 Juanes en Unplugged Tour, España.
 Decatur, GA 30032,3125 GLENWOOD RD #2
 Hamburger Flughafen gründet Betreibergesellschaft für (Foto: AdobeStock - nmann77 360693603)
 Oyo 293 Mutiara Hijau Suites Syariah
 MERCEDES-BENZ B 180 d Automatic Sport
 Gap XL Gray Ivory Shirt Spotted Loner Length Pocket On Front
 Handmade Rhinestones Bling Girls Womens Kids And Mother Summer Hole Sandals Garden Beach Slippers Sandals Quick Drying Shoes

^^^^^^^^

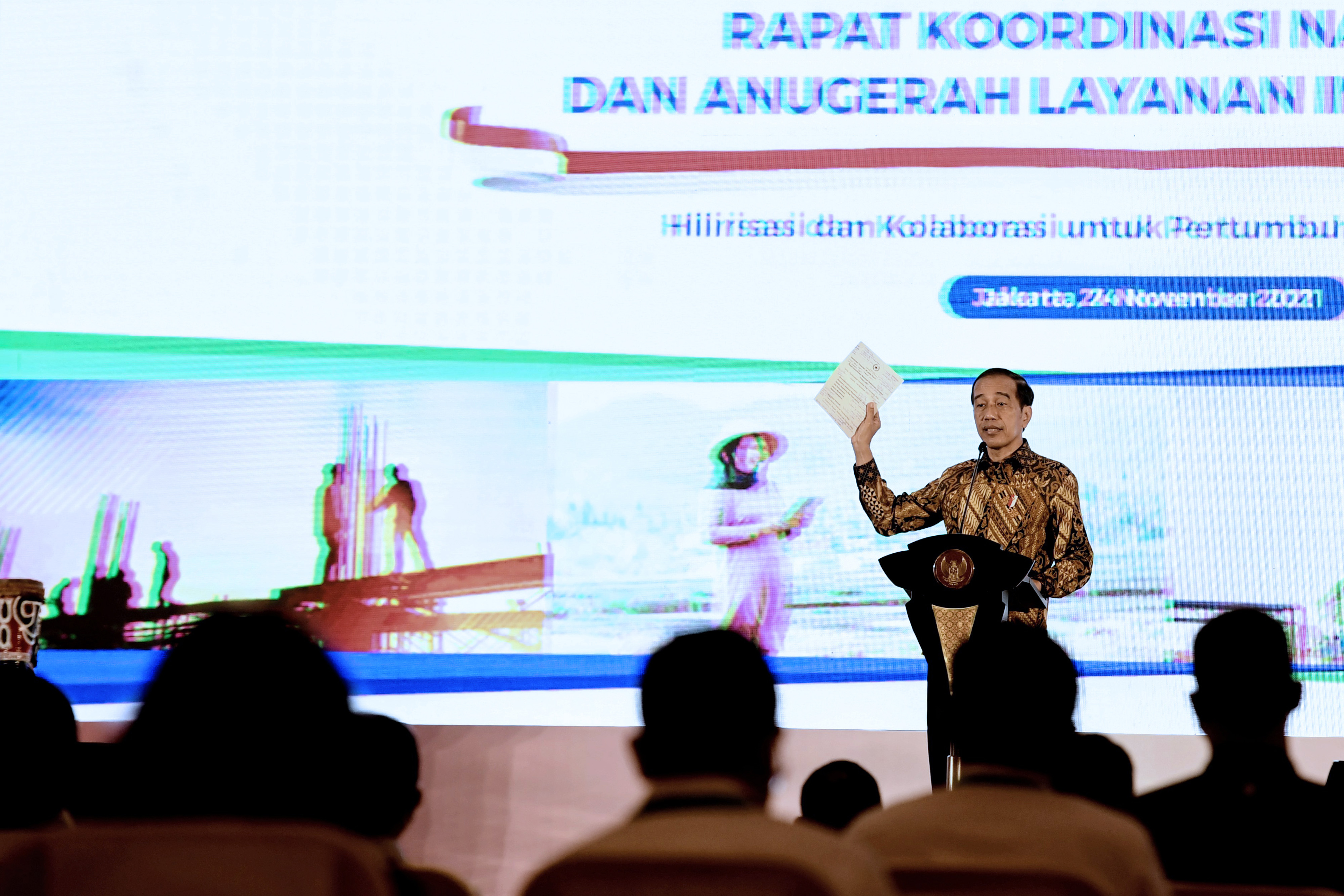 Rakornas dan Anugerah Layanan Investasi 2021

^^^^^^^^

**Problem details:** Could you transcribe the entries above word for word, from the line with "Oyo 293 Mutiara Hijau Suites Syariah" down to the line with "Handmade Rhinestones Bling", keeping both?

**Answer box:**
 Oyo 293 Mutiara Hijau Suites Syariah
 MERCEDES-BENZ B 180 d Automatic Sport
 Gap XL Gray Ivory Shirt Spotted Loner Length Pocket On Front
 Handmade Rhinestones Bling Girls Womens Kids And Mother Summer Hole Sandals Garden Beach Slippers Sandals Quick Drying Shoes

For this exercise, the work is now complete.